Work to complete =>
From the line containing "Bajrangbali Temple" down to the final line of the entries below, return each line exactly and drop the pictures.

Information supplied =>
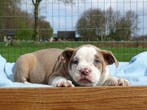 Old English Bulldog pups! | Mogen mee! | Hartelijk Welkom., Parvo, Nederland, 8 tot 15 weken, Bulldog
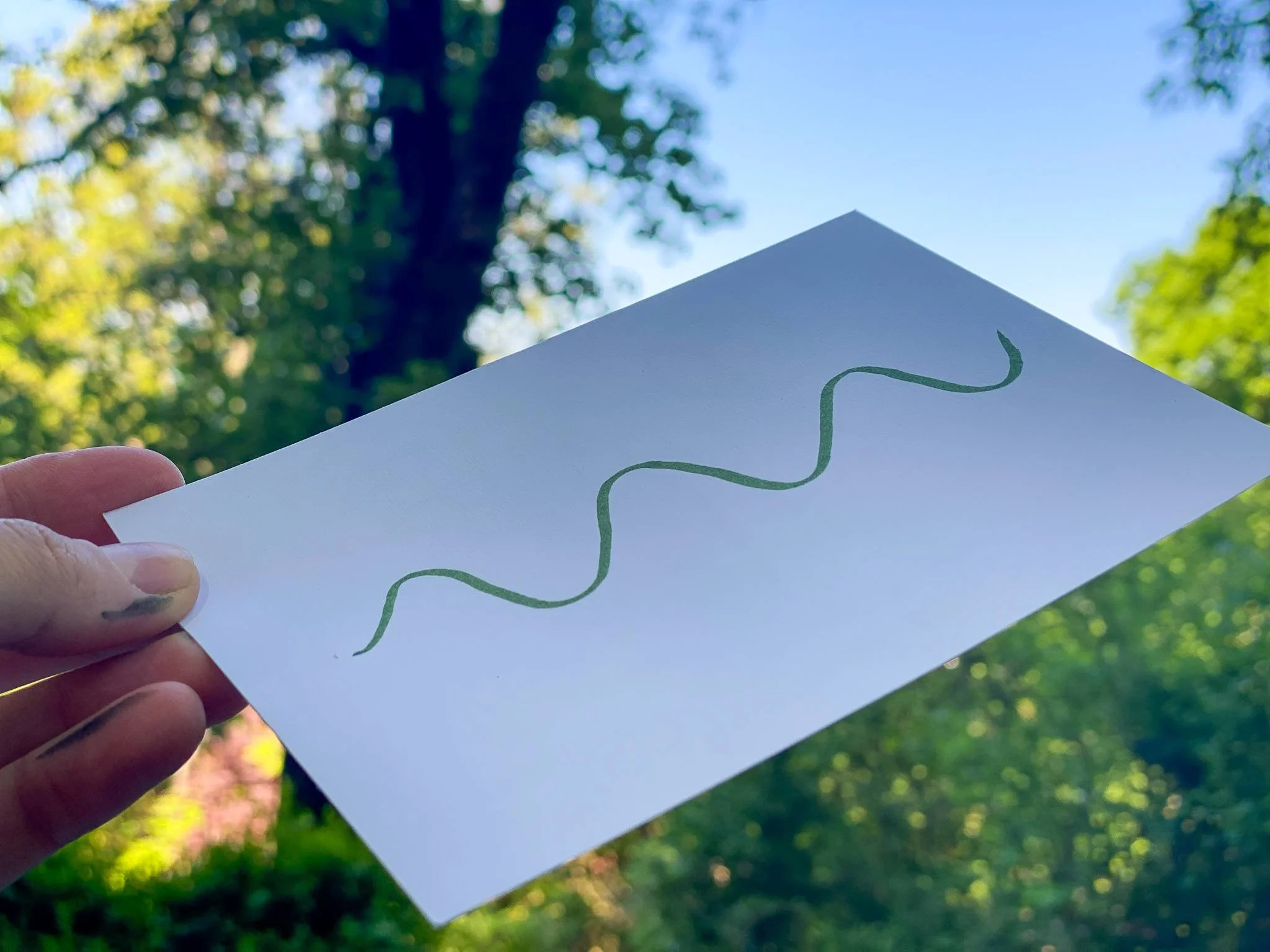 Eine grüne geschwungene Linie auf einem weißen Blatt Papier, im Hintergrund Sonne, blauer Himmel und Bäume.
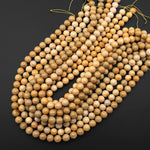 AAA Natural Fossil Coral Round Beads 9mm 10mm Yellow Beads 15.5" Strand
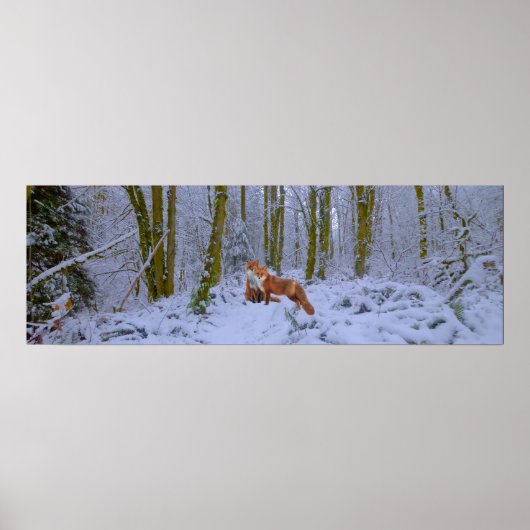 Panorama Poster (Voorkant)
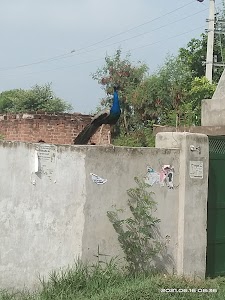 Bajrangbali Temple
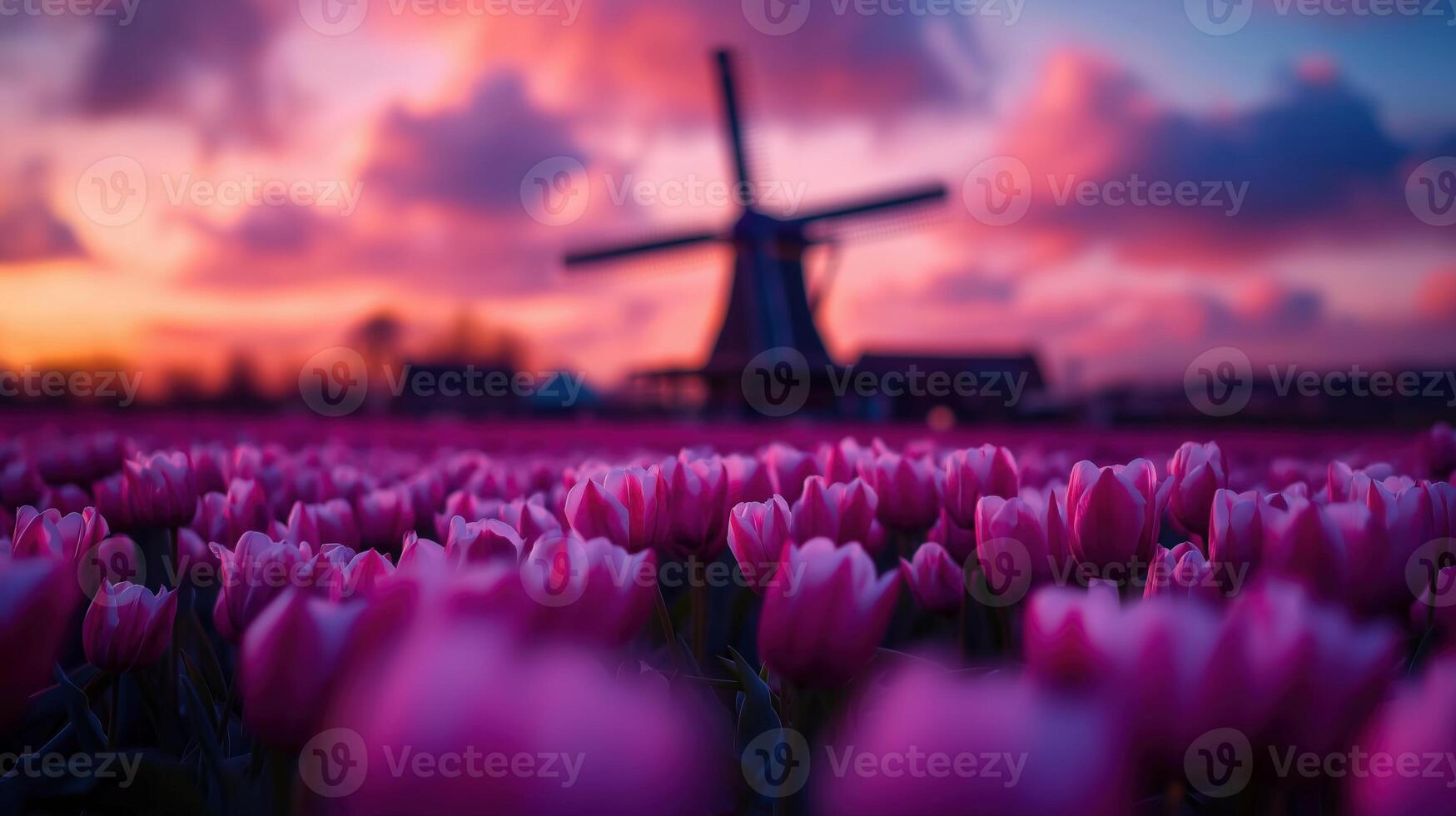 Tulip field at sunset with windmill image. Romantic evening. Picturesque floral meadow photography scene wallpaper. Scenic Holland. Dutch landscape concept photorealistic photo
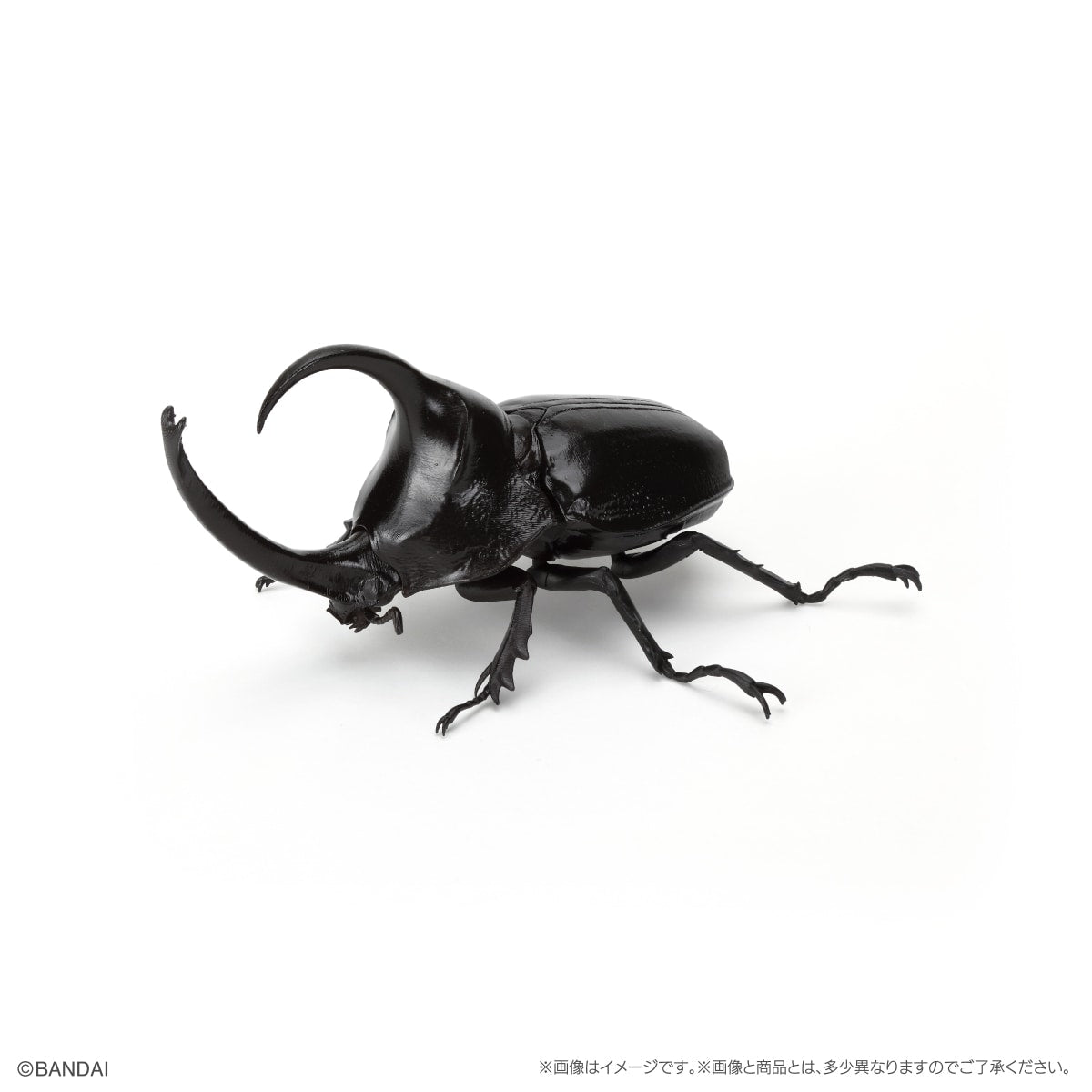 PRE-ORDER Bandai - The Diversity of Life on Earth - Rhinocerus Beetle 09 Perch Pedestal Set [EXCLUSIVE]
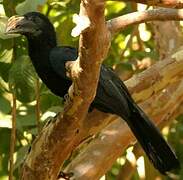 Sulawesi Hornbill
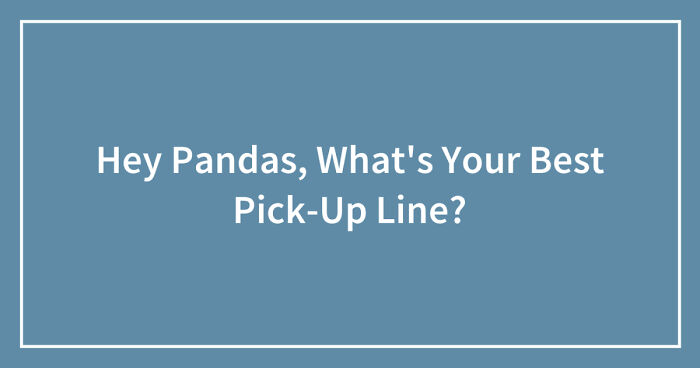 Hey Pandas, What’s Your Best Pick-Up Line? (Closed)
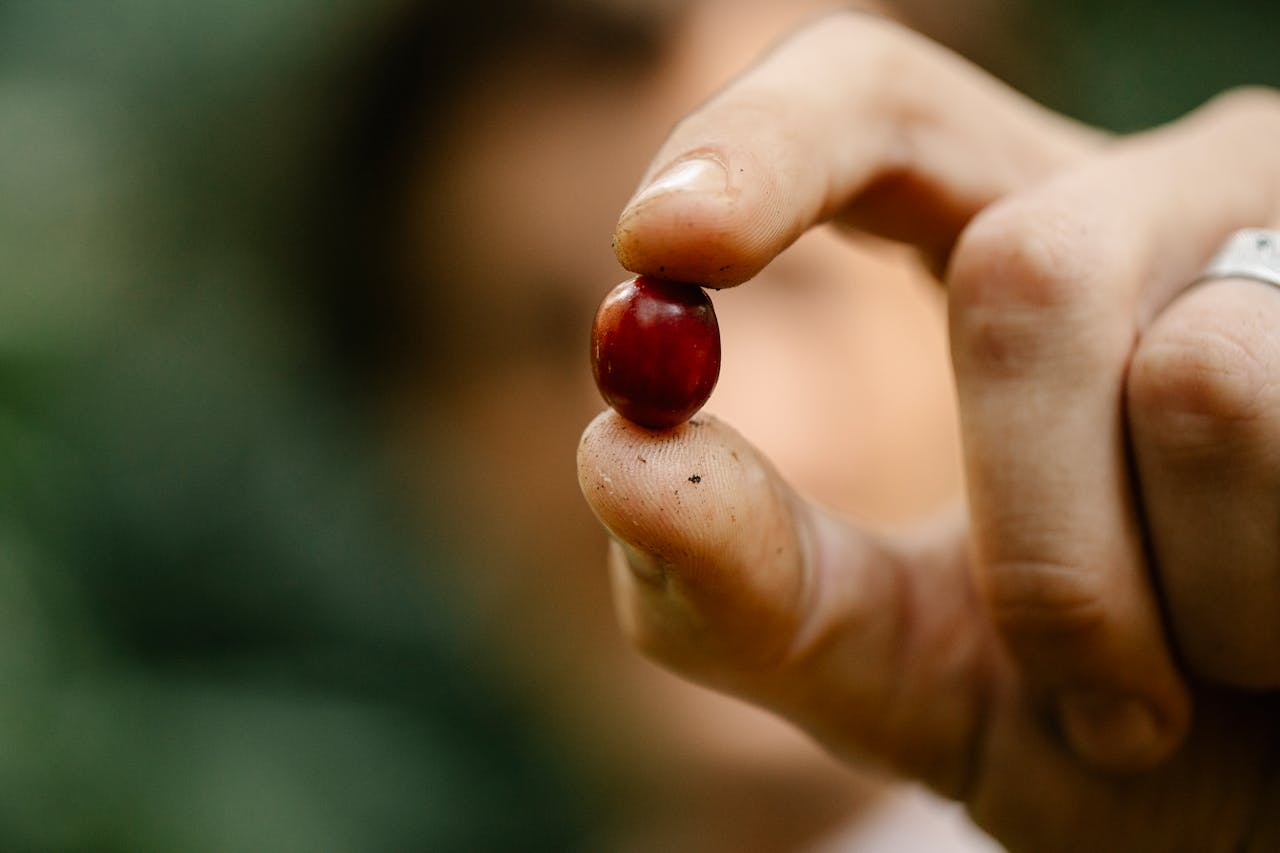 Il caffè prodotto sfruttando donne e bambini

Output for this exercise =>
 Bajrangbali Temple
 Tulip field at sunset with windmill image. Romantic evening. Picturesque floral meadow photography scene wallpaper. Scenic Holland. Dutch landscape concept photorealistic photo
 PRE-ORDER Bandai - The Diversity of Life on Earth - Rhinocerus Beetle 09 Perch Pedestal Set [EXCLUSIVE]
 Sulawesi Hornbill
 Hey Pandas, What’s Your Best Pick-Up Line? (Closed)
 Il caffè prodotto sfruttando donne e bambini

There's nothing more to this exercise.